Hurricane Irene has come and gone. Over 20 people have died, millions are still waiting for power to be restored, and hundreds of roadways have been blocked or damaged. Without question, Hurricane Irene was felt throughout the East Coast, and will continue to be felt over the next few days.
Interestingly (though not surprisingly), there seems to be a fair amount of people this morning complaining about the predicted impact. Some are saying the hurricane was over-hyped, causing many businesses to unnecessarily close. Sadly, some in the media seem somewhat disappointed. I suppose reporting extremely bad news is more exciting than reporting regular bad news. Sad.

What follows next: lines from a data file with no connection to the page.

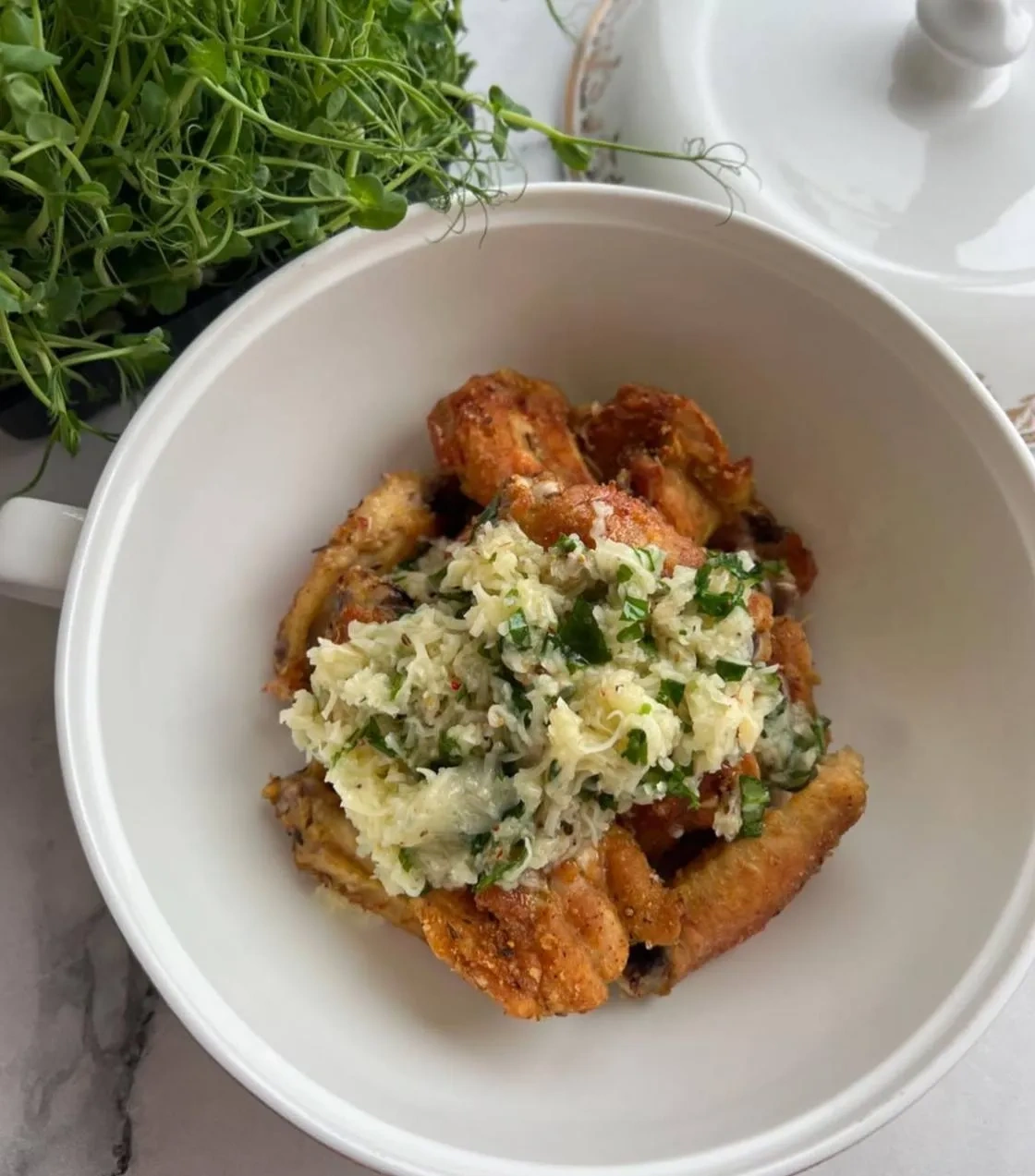 Крылышки в сырно-чесночном соусе: шаг 5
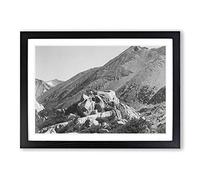 Ansel Adams Kings Canyon California Framed Print | A2 Oak Framed Wall Art | Ready to Hang | Modern Nature Picture | Living Room Bedroom Lounge Office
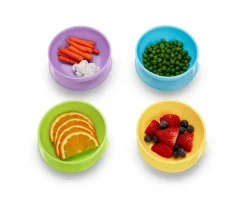 Pack 4 Cuencos Pastel con Tapas y Cucharas Love-a-Bowl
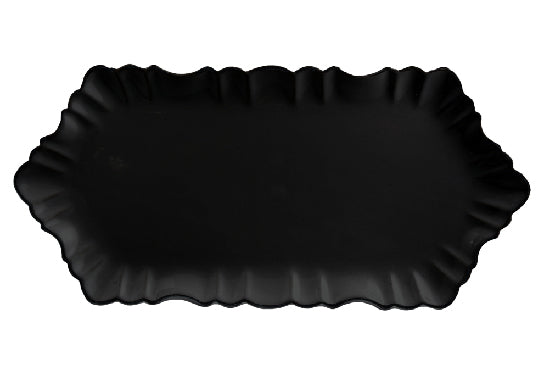 Cloud Appetizer Plate Large-black
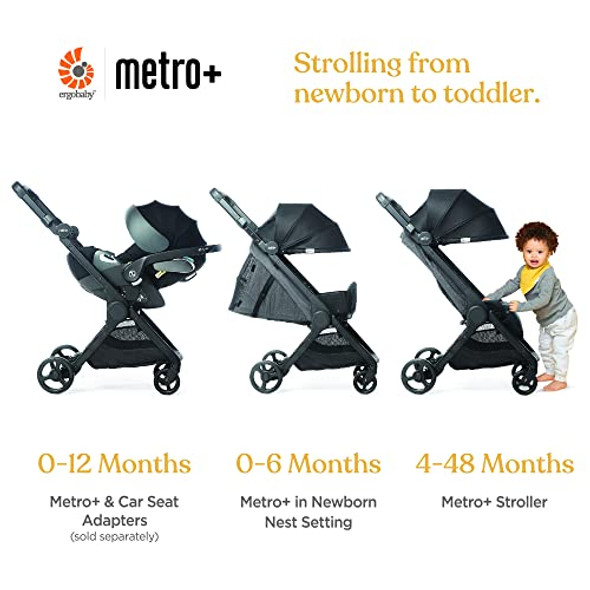 Ergobaby Metro+ Compact Baby Stroller, Lightweight Umbrella Stroller Folds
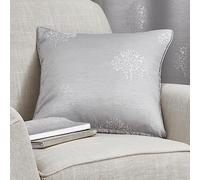 Appletree Loft Harvest - Federa per cuscino jacquard, 43 x 43 cm, colore: Argento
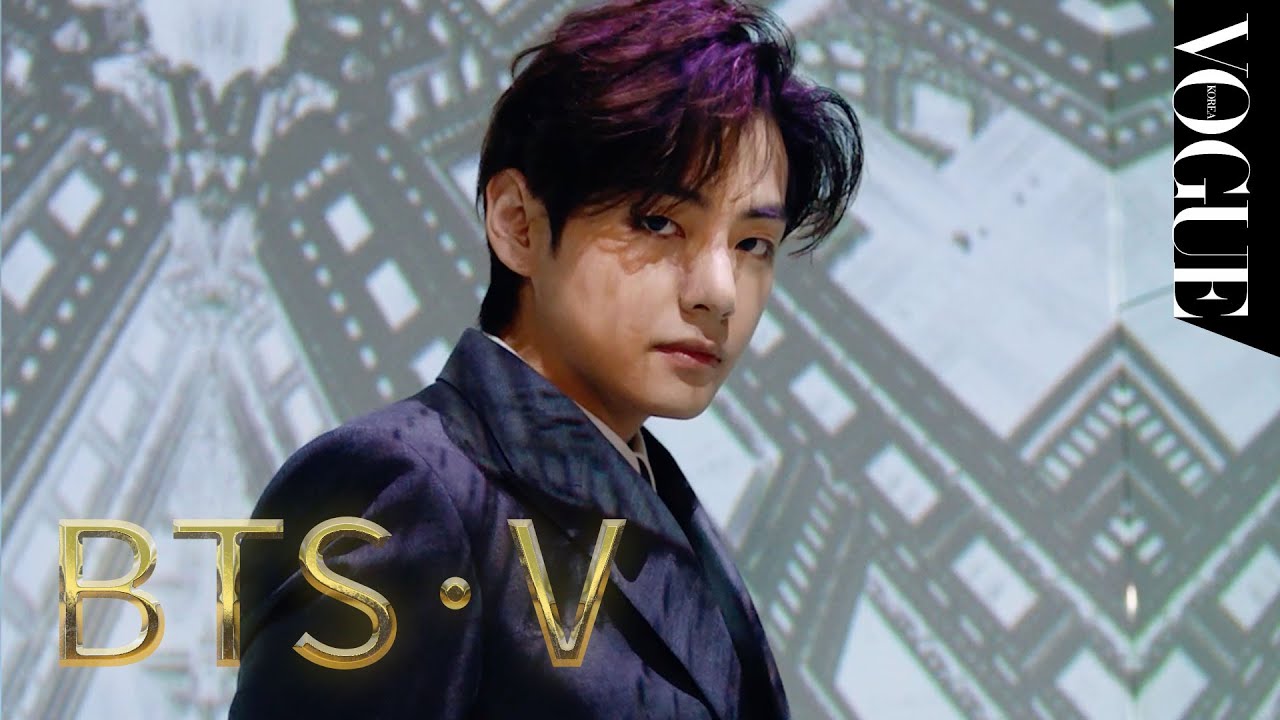 V in Vogue Korea x Louis Vuitton Photoshoot 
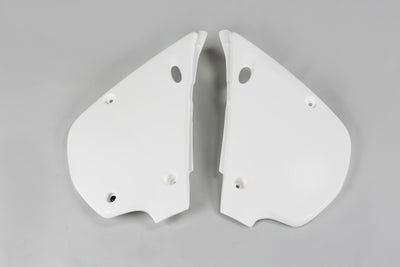 Kawasaki KX Side Panels - White - KA02760#047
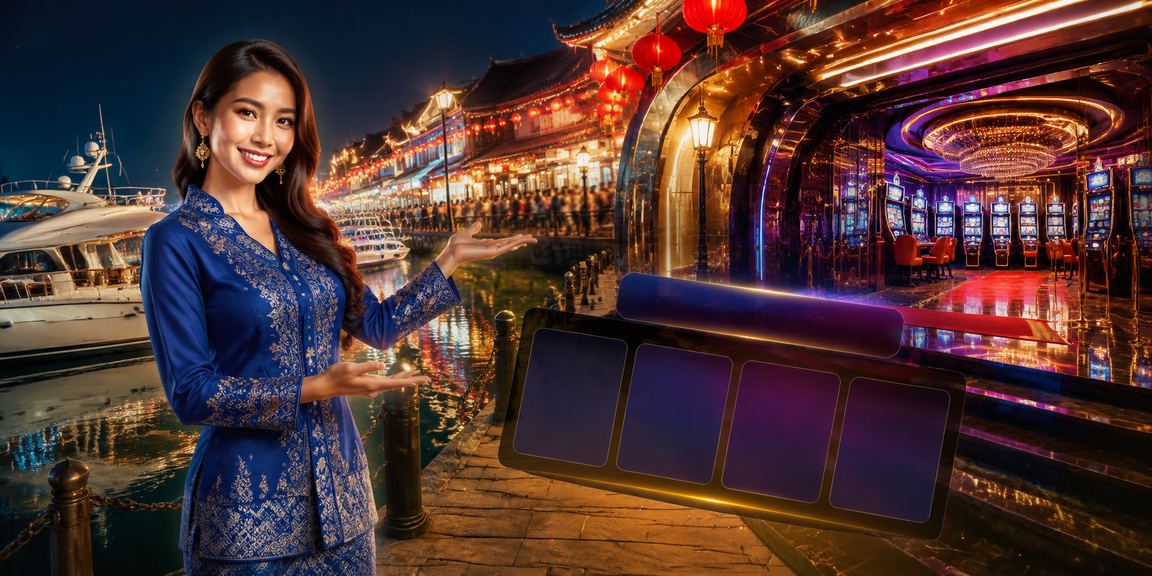 Pengguna wanita berbaju kurung di Melaka menikmati pertaruhan dalam talian semasa perayaan Malaysia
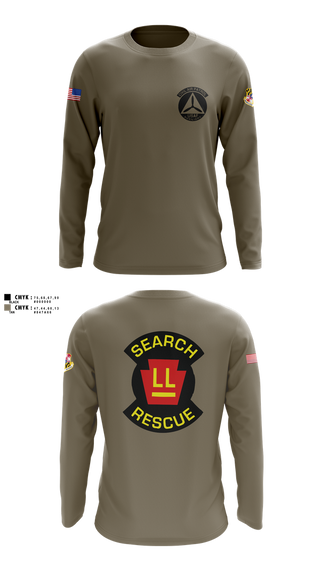 Long Sleeve Performance Shirt, Wicomico Composite Squadron, Air Force, Teamtime, Team time, sublimation, custom sports apparel, team uniforms, spirit wear, spiritwear, sports uniforms, custom shirts, team store, custom team store, fundraiser sports, apparel fundraiser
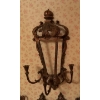Image 3 : Copper Colored Hard Plastic Wall Sconce Collection (Candelabra 25L) 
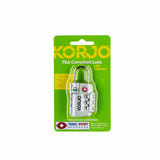 Korjo-TSA-Compliant-Indicator-Lock-Silver-Cover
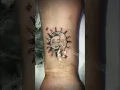 Sun Moon tattoo I did on a client s wrist
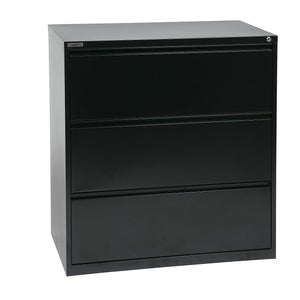 Heavy-Duty Metal Lateral File, 36" Wide, 3 Drawers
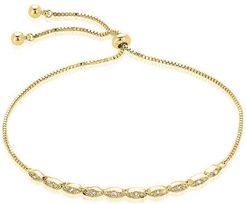 Sterling Forever 14K Plated CZ Bracelet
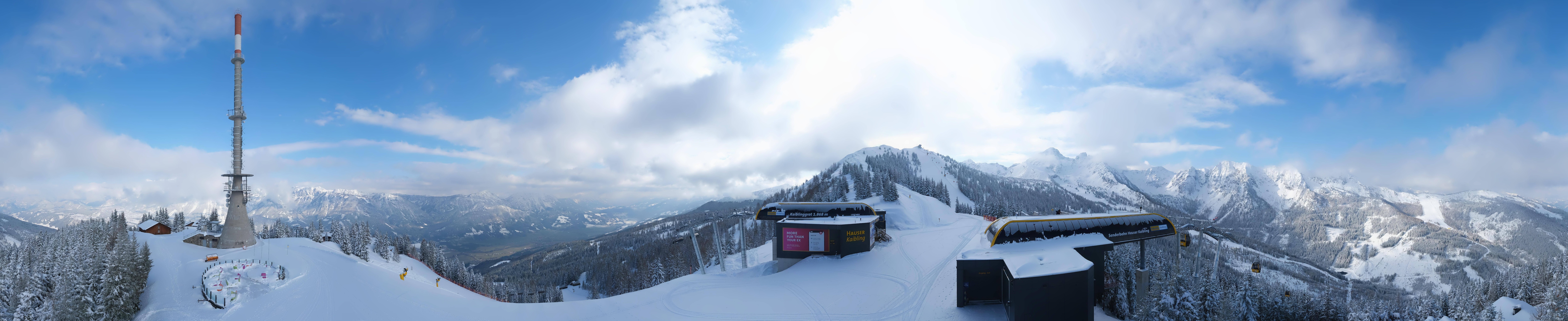 Archiv Foto Webcam Hauser Kaibling: Panorama Sendemast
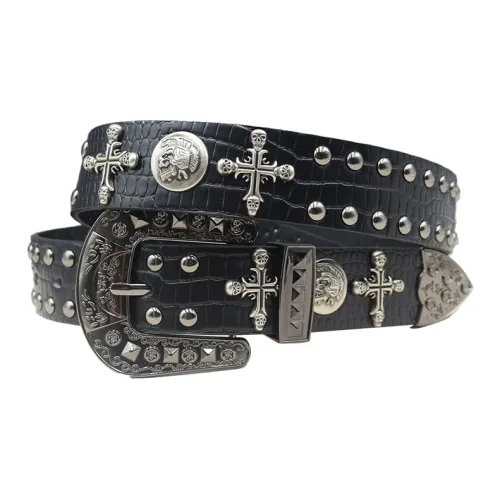 FUO Ремни из ПУ (полиуретана) кожа унисекс ширина 3,6 см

When Hurricane Katrina hit Louisiana, officials were critcized for not being prepared for the catastrophe (and for not preparing the citizens). Now that Hurricane Irene has hit, officials are criticized for over-preparing. I tend to focus on the good in whatever is coming my way, and I anticipate things will be good. However, I’m a realist, so I prepare for everything to go bad. In essence, I expect the best and plan for the worst. As a leader in your personal and professional life, you should always do the same … expect the best, plan for the worst, and be terribly thankful when the worst doesn’t happen. Don’t ever fall for the criticism that you over-prepared.
I’m thankful the predictions were wrong. I’m happy for those who prepared for the worst and made it through unscathed. For those whose lives have been impacted forever because of the death of a loved one as a result of Hurricane Irene, I pray for peace in your lives.